*Work to be completed*: Give an unaltered copy of the listing below, minus its pictures.

*Data section*:
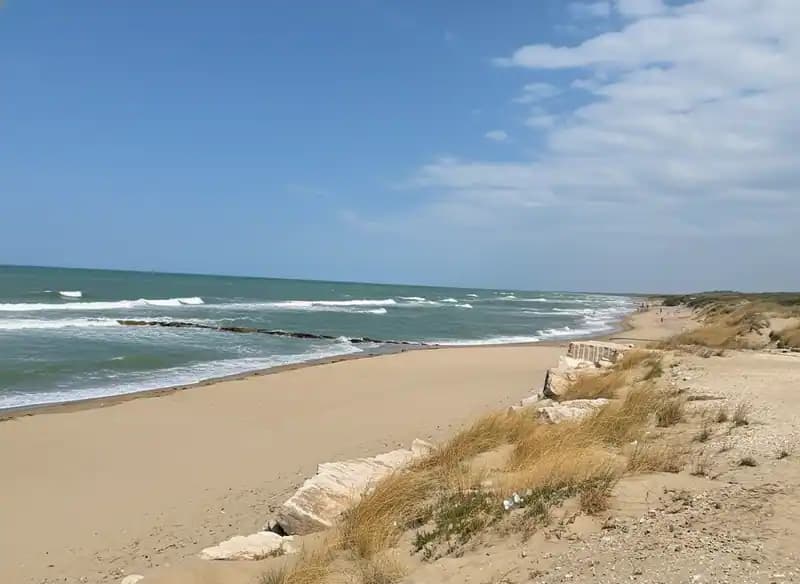 Marina di Chieuti Beach — Beach (free-access)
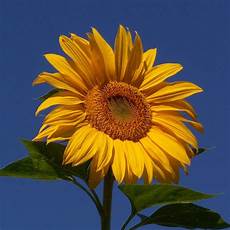 Sunflower Beach Towel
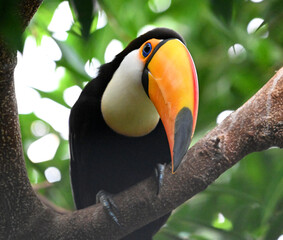Obraz premium a beautiful toucan with a huge orange beak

*Response below*:
 Marina di Chieuti Beach — Beach (free-access)
 Sunflower Beach Towel
Obraz premium a beautiful toucan with a huge orange beak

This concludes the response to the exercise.